袁宗道二人也是连连以袖试泪
不久众门生们起身离去,孙承宗,陶望龄,袁宗道等人并行边走边聊
孙承宗道:“恩师以门生长托bqg29 ⊕不知是否妨碍了恩师,以至于恩师露出隐退之意,所以惶恐不安啊!”
袁宗道道:“稚绳不必过责,昔日圣人作幽兰操,自言此为伤不逢时之作故而等常以兰花比作君子,生于幽处,不以无人而芳恩师是通达之人,早就明白君子的学问非为通也,乃为穷而不困但恩师可以这么想,等作为门生却要让天下人知道恩师学问通与不通,如此就看稚绳兄能否达济天下了”
陶望龄笑了笑道:“说得好,恩师向来并非执着拘泥之人,而且事事都有分寸在其中既现在以衣钵传之稚绳必有深意在其中,等静观其变就好了”
次日,吏部之中
赵南星与顾宪成正对坐品茗
赵南星给顾宪成斟了一杯茶后道:“叔时,林侯官这一次官复原职了”
顾宪成道:“哦?以王太仓的性子,居然没有劝说皇上罢了林侯官的官?”
赵南星笑了笑道:“抄发的公文是在太宰那亲眼所见的”
顾宪成闻言沉默不语
赵南星道:“方才从太宰那边过来时,太宰吩咐了几句话,说林侯官这一次焚诏之事,乃辈大臣之风骨所在,朝堂上必须还有林侯官如此大员主持,方能匡扶社稷,规劝天子免于过失!”
顾宪成道:“怎么太宰也转变对林侯官的态度了?”
赵南星点点头道:“看来是如此”
顾宪成道:“不出意外啊!林侯官此举可是狠狠扫了王太仓的颜面,王太仓的敌人,当然就是太宰的朋友但太宰还是不知林侯官的为人,今日等器重于,明日就会捅等一刀?”
“诶,看叔时对宗海是成见太深了之前一直说事事揣摩上意,阿附执政,现在此事一出,可知乃是一名真真真正的直臣再抱着如此眼光,不仅太宰,也很难再与论及此事了”
顾宪成摇了摇头道:“梦白,就是太容易轻信人了好了以后在面前,不再说林侯官一句不是”

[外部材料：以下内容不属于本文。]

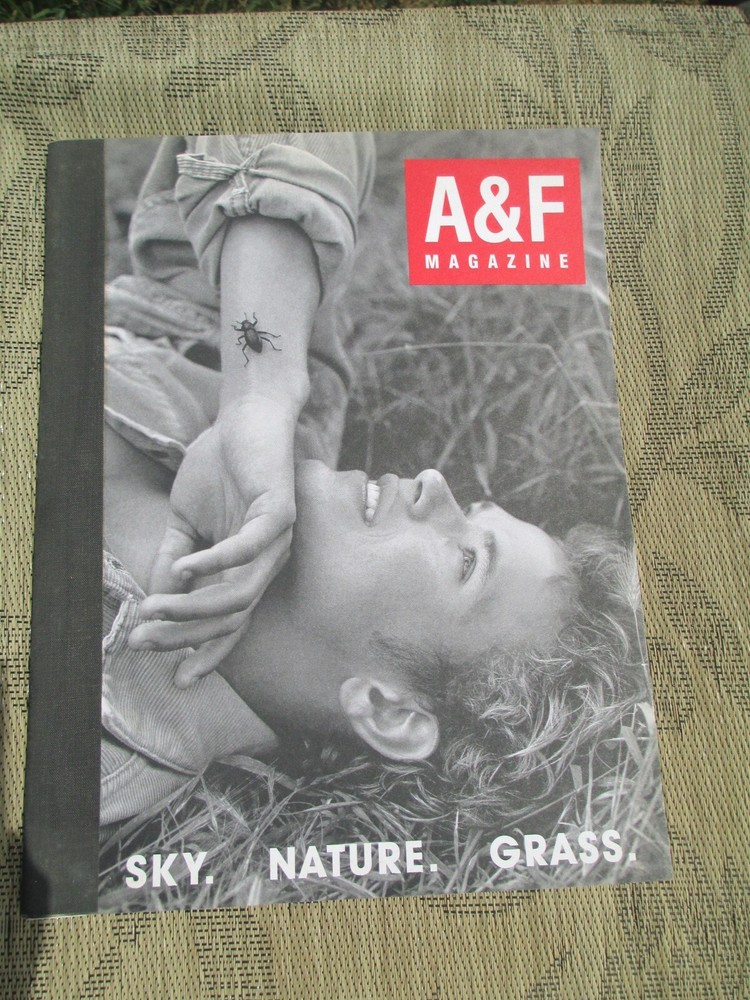 Abercrombie & Fitch A&F Magazine Sky. Nature. Grass. First Issue  w/TAYLOR SWIFT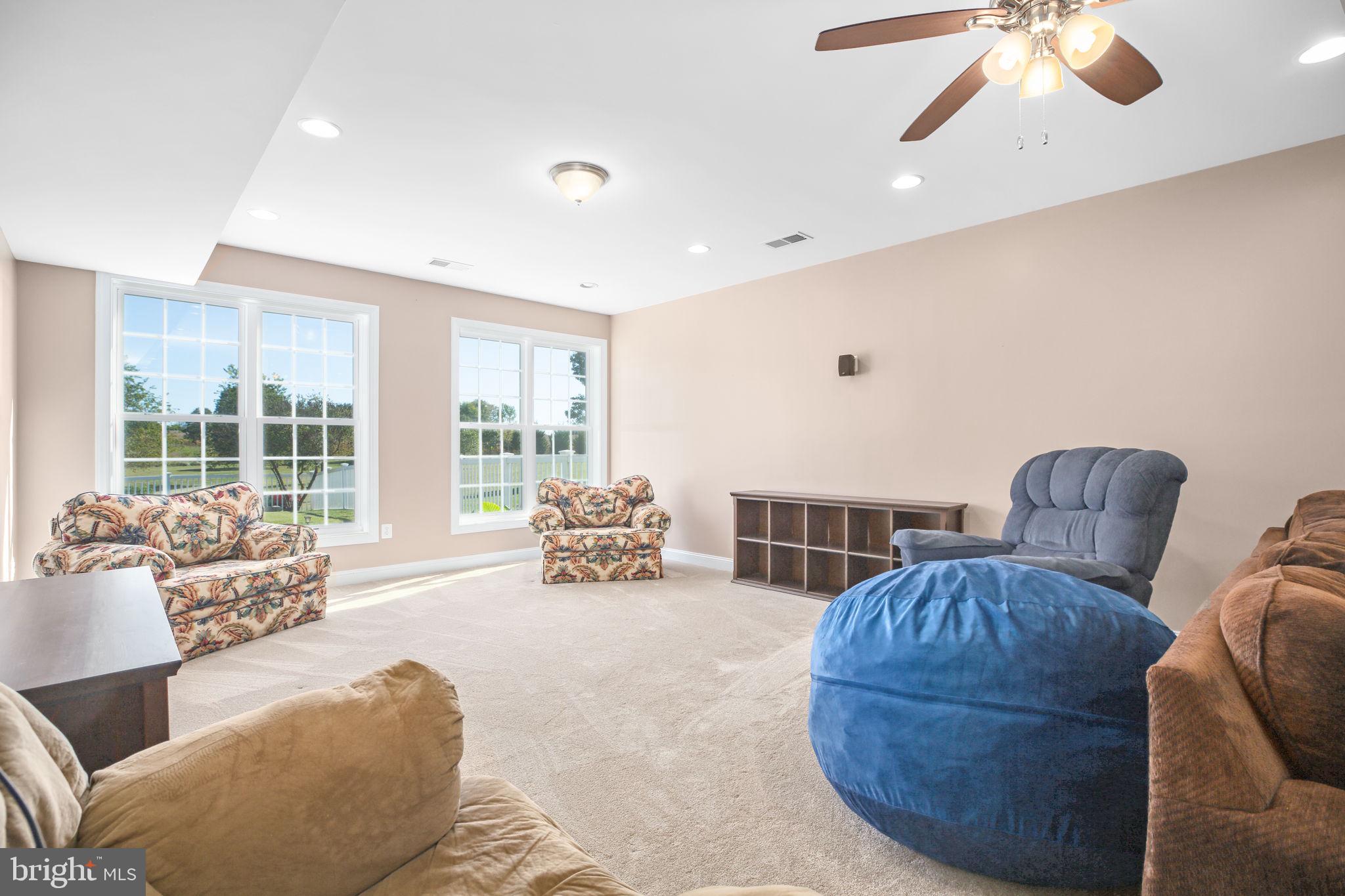 BLOOMSBURY FARM ESTATES - Residential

赵南星笑了笑道:“既是太宰有意与林侯官示好,那么等也要效劳,趁此机会修补于林侯官的关系,无论怎么说这一次京察,若能让林侯官站在们这一边,王太仓就显得更加失道者寡助”
顾宪成道:“此言极是,礼部的于元时一向倾向等,但的侄儿于中甫,从弟于元贞却与林侯官甚近,可以趁着这一回事说动于中甫,于元贞,再由们向林侯官进言,如此不是更好”
赵南星摇头道:“叔时,这样不太好吧,直接说倒是没有什么,要人带话怕是林侯官反而以为们不诚啊”
顾宪成道:“这有什么?让林侯官明白等吏部的实力,以后说起话来不是更好商量吗?”